À travers cet outil,  Hans Jacques Ludwig Joseph compte impliquer davantage la société civile dans le travail de la transparence et l’État de droit. Le CDAC, fait-il savoir, est un espace civique et intellectuel qui  ambitionne de construire une machine de production et de réflexion inédite en vue de faire reculer la corruption et ses manifestations. Par cela, poursuit le directeur général, l’État pourra attaquer le mal de la corruption dans ses racines les plus ancrées. Car ce fléau, insiste-t-il, se modernise et devient de plus en plus complexe par la multiplication des stratégies innovantes et intelligentes des corrompus et corrupteurs.

Ainsi, outre les activités déjà entreprises, l’ULCC fait appel à la science, à la connaissance, donc à l’université pour anticiper les risques et banaliser les conséquences de ce phénomène destructeur.
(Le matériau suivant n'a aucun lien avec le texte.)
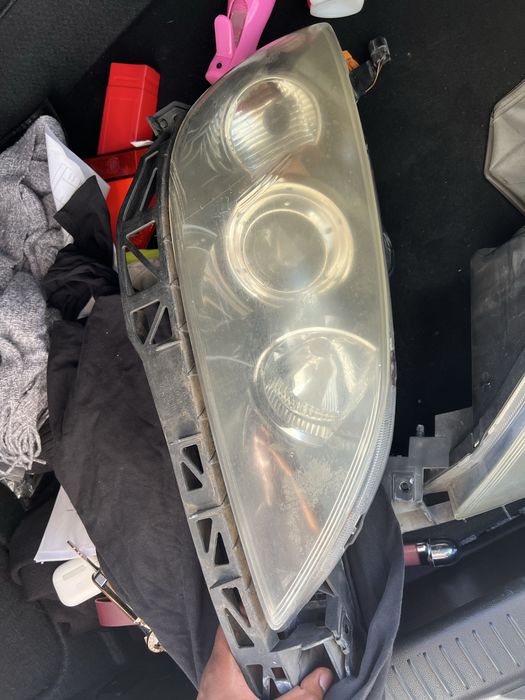 Farol Mazda 3 2003-2008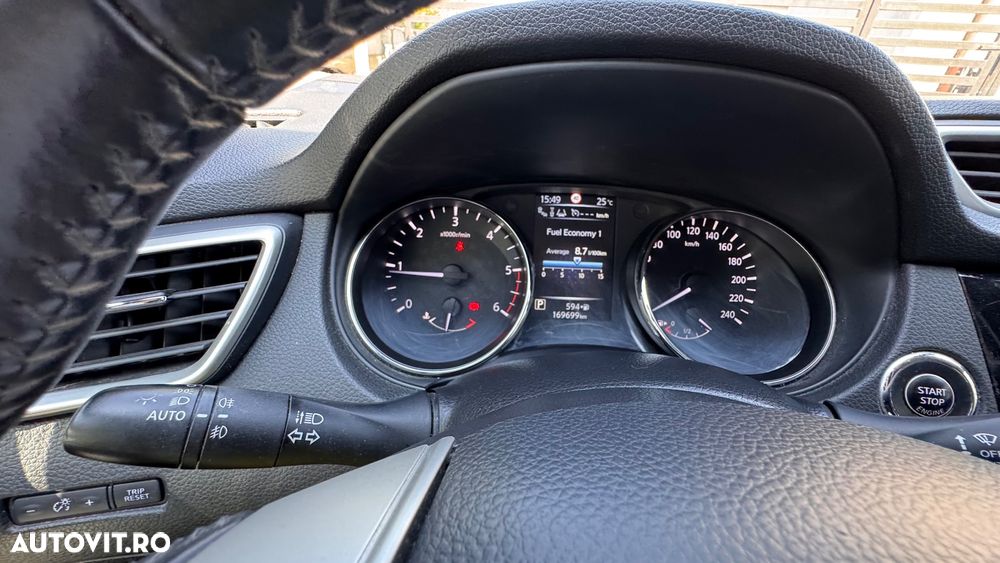 Nissan Qashqai 1.6 DCI Start/Stop X-TRONIC Tekna - 4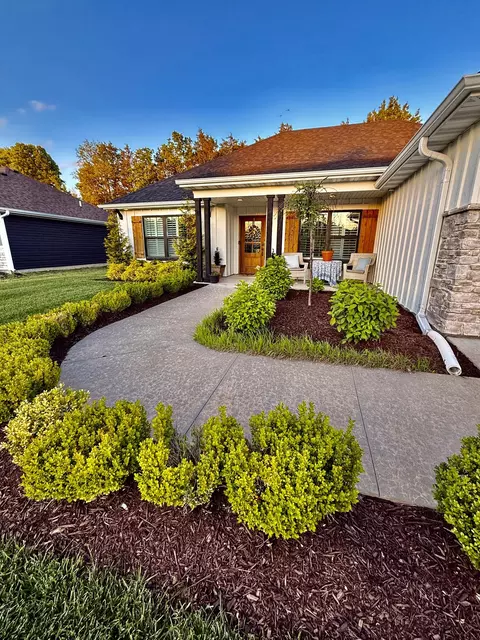 1504 Spring Mountain Dr, Columbia, MO 65201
Grâce au CDAC, le gouvernement met à la disposition de tous ceux qui s’intéressent aux questions de la corruption, des ouvrages spécialisés, des manuels pratiques, des études, des rapports, des mémoires publiés, des revus et des bilans d’institutions de contrôle de corruption. Il est aussi prévu la création  d’une station de numérisation pour toute consultation virtuelle.
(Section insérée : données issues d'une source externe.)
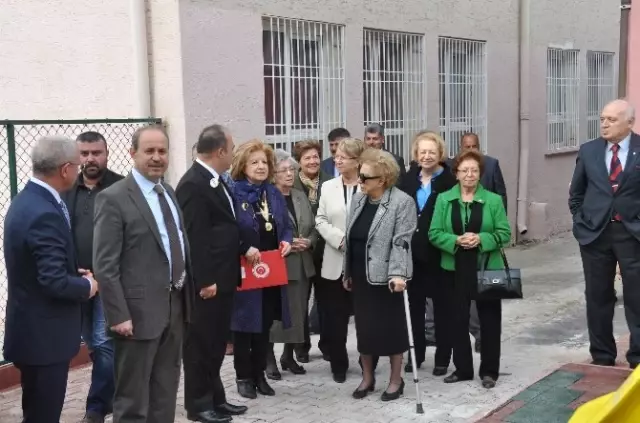 Engelli Öğrencilere Sınıf ve Oyun Parkı Yapıldı Engelli Öğrencilere Sınıf ve Oyun Parkı Yapıldı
C’est dans cette optique que le directeur général de la Bibliothèque nationale croit que ce centre sanctuarise  et localise la parole anticorruption. Une mine de documentation, assure-t-il, est disponible et ce centre est, explique-t-il,  de nature à encourager la production et la mise en disponibilité d’une littérature anticorruption. Un pas important pour le pays et pour la démocratie dans le sens que la corruption est un air pollué qu’on respire sans se rendre compte. Elle sape les principes de la bonne administration, de l’équité et de la justice sociale. « La corruption entrave le développement économique et met en danger les institutions démocratiques », a soutenu M. Néard.

Ce centre rentre dans le cadre de la mission préventive de l’ULCC à combattre la corruption. Il pourra être visité physiquement et virtuellement. Hans Jacques Ludwig Joseph mise gros sur ce nouvel outil. Il espère que ce grain semé germera et produira les résultats escomptés pour les futurs programmes anticorruption nationaux et internationaux.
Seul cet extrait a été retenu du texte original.